# YouTube Scraper for Video Classification

## Import Libraries and Set Up API Key
> Import necessary libraries and set up the YouTube API key.

In [None]:
# Import necessary libraries
from googleapiclient.discovery import build
import pandas as pd
import os
import re
import time  # Import the time module for rate limiting
from dotenv import load_dotenv # import .env file for API key

# Load environment variables
load_dotenv()

# Set up YouTube API key
API_KEY = os.getenv("API_KEY")
youtube = build('youtube', 'v3', developerKey=API_KEY)
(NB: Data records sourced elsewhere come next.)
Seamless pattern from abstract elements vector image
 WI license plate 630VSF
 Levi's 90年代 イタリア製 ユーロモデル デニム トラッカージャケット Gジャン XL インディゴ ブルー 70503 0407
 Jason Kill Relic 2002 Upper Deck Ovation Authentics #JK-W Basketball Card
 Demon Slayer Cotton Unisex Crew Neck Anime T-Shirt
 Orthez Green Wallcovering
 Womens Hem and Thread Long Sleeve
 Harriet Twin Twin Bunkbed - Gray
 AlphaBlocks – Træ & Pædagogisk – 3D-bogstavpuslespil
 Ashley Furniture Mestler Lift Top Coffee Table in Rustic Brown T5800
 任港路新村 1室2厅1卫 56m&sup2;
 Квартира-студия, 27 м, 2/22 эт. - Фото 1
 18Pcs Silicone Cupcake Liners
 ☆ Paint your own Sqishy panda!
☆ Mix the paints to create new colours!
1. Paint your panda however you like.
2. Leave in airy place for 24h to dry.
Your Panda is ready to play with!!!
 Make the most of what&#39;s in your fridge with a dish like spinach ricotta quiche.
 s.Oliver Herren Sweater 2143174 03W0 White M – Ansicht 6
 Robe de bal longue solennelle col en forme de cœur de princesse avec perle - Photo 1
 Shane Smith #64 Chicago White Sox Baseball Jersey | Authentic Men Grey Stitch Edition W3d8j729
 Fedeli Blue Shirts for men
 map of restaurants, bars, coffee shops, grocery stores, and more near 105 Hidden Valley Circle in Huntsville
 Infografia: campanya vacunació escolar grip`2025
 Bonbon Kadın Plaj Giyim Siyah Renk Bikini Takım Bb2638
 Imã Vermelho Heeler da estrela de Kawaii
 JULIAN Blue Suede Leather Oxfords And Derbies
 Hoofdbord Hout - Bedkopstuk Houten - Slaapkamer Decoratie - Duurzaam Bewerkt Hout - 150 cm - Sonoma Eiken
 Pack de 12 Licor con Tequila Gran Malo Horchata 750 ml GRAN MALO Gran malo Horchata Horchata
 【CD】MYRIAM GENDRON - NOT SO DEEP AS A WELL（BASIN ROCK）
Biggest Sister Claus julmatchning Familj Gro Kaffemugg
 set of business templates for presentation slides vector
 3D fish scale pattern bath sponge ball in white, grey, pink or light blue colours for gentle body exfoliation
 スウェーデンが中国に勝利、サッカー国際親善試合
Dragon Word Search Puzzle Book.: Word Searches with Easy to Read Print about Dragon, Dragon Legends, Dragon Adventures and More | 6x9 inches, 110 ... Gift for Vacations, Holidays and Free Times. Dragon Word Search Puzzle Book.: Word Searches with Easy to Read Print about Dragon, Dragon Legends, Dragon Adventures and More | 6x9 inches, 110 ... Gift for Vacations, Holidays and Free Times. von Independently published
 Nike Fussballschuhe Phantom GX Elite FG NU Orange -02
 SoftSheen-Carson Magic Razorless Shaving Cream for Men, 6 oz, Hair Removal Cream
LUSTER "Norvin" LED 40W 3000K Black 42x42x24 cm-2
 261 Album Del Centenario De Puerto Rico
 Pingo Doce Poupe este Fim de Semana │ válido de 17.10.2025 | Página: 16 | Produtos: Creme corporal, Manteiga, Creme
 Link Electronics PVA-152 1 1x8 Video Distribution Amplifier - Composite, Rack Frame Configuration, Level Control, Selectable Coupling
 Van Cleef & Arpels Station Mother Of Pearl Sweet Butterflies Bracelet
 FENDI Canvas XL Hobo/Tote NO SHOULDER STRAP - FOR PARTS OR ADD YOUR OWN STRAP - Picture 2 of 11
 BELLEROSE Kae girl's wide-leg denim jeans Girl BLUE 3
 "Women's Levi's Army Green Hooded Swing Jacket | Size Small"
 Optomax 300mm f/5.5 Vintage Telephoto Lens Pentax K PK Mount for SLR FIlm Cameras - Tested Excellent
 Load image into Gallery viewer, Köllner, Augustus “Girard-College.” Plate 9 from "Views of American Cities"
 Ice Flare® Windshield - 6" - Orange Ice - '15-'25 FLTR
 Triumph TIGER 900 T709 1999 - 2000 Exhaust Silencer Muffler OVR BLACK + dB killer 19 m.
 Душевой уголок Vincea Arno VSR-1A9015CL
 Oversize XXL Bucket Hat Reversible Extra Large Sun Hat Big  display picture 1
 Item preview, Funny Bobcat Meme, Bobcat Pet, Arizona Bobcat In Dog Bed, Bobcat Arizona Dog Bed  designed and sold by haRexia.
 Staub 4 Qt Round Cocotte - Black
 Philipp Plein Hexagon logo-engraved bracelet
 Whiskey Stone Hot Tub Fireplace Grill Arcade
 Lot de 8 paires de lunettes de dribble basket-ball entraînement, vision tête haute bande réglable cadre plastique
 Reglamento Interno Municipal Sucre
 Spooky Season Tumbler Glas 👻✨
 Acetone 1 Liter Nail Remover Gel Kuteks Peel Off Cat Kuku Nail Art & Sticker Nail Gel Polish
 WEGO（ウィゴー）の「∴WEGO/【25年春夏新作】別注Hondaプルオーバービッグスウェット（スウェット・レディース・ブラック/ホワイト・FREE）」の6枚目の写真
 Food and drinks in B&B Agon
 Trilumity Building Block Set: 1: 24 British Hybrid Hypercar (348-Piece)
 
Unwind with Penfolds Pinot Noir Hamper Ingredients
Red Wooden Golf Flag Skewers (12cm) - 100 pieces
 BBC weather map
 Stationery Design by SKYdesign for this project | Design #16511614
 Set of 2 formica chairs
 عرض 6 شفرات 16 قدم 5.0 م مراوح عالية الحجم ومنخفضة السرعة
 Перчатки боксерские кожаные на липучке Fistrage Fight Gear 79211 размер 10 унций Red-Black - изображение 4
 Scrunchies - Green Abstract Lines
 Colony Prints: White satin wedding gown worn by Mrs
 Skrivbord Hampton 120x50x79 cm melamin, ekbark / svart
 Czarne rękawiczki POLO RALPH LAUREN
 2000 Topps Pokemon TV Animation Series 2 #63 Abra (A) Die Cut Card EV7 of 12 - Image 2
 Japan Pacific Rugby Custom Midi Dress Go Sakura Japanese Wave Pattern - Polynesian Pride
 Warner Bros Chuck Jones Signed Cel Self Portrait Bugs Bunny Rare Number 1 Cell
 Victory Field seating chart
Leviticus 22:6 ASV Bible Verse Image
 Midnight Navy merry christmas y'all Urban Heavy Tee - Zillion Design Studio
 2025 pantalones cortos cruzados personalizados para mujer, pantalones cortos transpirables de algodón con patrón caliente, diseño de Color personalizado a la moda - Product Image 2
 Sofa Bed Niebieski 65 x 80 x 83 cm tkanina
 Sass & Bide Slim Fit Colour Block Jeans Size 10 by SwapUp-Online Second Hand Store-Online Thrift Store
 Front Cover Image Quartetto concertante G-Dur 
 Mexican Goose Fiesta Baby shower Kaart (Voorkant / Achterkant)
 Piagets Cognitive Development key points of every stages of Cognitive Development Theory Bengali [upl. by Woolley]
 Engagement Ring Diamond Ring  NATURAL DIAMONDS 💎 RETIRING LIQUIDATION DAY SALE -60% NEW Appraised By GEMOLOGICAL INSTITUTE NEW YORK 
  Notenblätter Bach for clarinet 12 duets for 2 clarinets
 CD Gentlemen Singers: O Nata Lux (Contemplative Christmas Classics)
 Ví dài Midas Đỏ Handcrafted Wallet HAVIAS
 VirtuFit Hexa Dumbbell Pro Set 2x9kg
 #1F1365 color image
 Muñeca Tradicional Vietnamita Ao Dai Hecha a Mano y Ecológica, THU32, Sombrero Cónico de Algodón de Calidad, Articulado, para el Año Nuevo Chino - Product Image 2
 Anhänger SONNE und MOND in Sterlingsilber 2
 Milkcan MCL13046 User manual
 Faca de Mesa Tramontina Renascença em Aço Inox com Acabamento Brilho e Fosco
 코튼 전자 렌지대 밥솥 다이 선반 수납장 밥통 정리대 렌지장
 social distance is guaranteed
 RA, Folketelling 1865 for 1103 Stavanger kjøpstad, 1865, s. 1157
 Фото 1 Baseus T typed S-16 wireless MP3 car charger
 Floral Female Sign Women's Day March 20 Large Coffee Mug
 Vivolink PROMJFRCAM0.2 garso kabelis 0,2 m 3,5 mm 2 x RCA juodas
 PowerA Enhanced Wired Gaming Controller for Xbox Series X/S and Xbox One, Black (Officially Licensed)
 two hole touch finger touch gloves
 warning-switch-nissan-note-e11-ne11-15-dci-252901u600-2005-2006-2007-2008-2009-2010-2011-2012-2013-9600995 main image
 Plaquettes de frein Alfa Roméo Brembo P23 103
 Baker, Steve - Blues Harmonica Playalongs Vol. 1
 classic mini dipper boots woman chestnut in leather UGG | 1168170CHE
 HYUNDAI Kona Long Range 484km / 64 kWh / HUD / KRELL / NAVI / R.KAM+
## Define Parameters and Functions
> Define categories, maximum results, minimum samples per category, and functions for sanitizing descriptions and scraping YouTube data.

In [None]:
# Define categories and other parameters
categories = ['Travel Blogs', 'Science and Technology', 'Food', 'Manufacturing', 'History', 'Art and Music']
max_results = 50
min_samples_per_category = 1700

# Initialize an empty list to store all videos
all_videos = []

# Function to sanitize video descriptions
def sanitize_description(description):
    # Use regular expressions to remove unwanted information
    # For example, removing email addresses, phone numbers, etc.
    # Modify this based on your specific needs
    cleaned_description = re.sub(r'\S+@\S+', '', description)
    return cleaned_description

# Function to scrape YouTube data for a given category
def scrape_youtube_data(category):
    videos = []
    while len(videos) < min_samples_per_category:
        for query in [f'{category} videos', f'{category} documentary']:
            try:
                # Make a YouTube API search request
                request = youtube.search().list(
                    q=query,
                    part='id,snippet',
                    type='video',
                    maxResults=max_results
                )
                response = request.execute()
                items = response.get('items', [])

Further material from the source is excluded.